Gibt es denn nicht andere, verlässlichere Merkmale? Wir kennen sie schon: 1. die Nationalzugehörigkeit des Beamten – immerhin ein lebendiges Merkmal, aber es gibt unter den Beamten auch Amphibien – und 2. die Amtshoheit der Nation, die die Nationalität des Amtes unzweifelhaft macht. Warum die letzteren Merkmale heute bei unserer Rechtsordnung äusser Betracht bleiben, wissen wir bereits. Ein deutsches Amt aber, das von einem deutschen Bezirk bestellt ist, bleibt deutsch, auch wenn alle seine Beamten tschechisch gelernt haben und selbst im inneren Dienst tschechisch sprechen: Legen wir dieses Merkmal der Regelung zugrunde, so haben wir volle Freiheit, das Sprachenbedürfnis einzig nach administrativ-technischen Grundsätzen zu regeln.
Die bürgerliche Politik hält sich an das formale Merkmal, das nur halb bezeichnet, halb bindet und halb freilässt. Und so wird jenes Vexierspiel des Kampfes um die Amtssprache möglich, das uns durch dreissig Jahre genarrt hat und bei dem nichts verwunderlicher ist als die Langmut der Völker, die es mitansahen.
Nur als Musterbeispiel, nicht etwa weil die tschechische Bourgeoisie vor den Deutschen im Guten oder Schlimmen etwas voraus hätte, führen wir die jungtschechische Politik in der inneren Amtssprache vor, weil sie im Augenblick aktuell ist.
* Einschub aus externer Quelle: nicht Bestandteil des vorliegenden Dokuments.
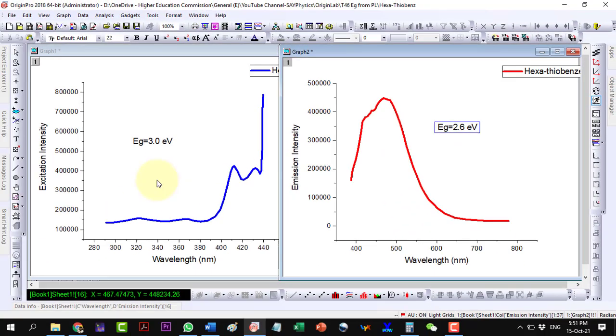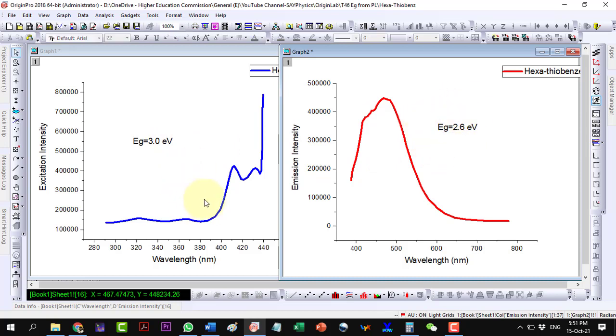If we compare these bandgap values with the bandgap value from the UV-Vis data, the excitation spectrum value is slightly over, while the emission spectrum value is slightly less than the UV-Vis absorption value.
Wir schicken eine historische Skizze des Kampfes voraus.
Anfangs bestanden die Deutschen, angeblich als Hüter der Einheit unserer staatlichen Verwaltung, tatsächlich aus wohlverstandenem Klasseninteresse ihrer Bureaukratie, auf der Erhaltung des Deutschen als ausschliesslicher innerer Amtssprache in Böhmen. Die Tschechen forderten zunächst bloss, dass im tschechischen Gebiete tschechisch, im deutschen deutsch und im gemischtsprachigen Gebiet utraquistisch amtiert werde, ihr Hauptgravamen war, dass auch im Parteienverkehr das Tschechische mangelhaft berücksichtigt werde. Dem letzteren Uebelstand halfen die Stremayrschen Sprachenverordnungen vom 19. April 1880 im Sinne durchgehender Doppelsprachigkeit im äusseren Verkehr mit den Parteien ab. Bezüglich der inneren Amtssprache verblieb es – mit Ausnahme der Gerichte – beim alten, das ist bei der deutschen inneren Amtssprache im ganzen Land. Noch im Dezember 1885 stellt Dr. Trojan im böhmischen Landtag den Antrag, die Regierung zu einer Nachtragsverordnung aufzufordern, derzufolge bei den Behörden erster Instanz die Sprache der Mehrheit der Sprengeibewohner als innere Amtssprache zu dienen habe. (Also deutsches Gebiet – deutsche Amtssprache, tschechisches Gebiet – tschechische Amtssprache: sogenannte einsprachige Gleichberechtigung.)
Diese Auffassung entspricht formell der nationalen Autonomie. Lässt man die Sprache statt der Nationalität passieren, so kann man sagen, sie decke das nationale Gesamtinteresse.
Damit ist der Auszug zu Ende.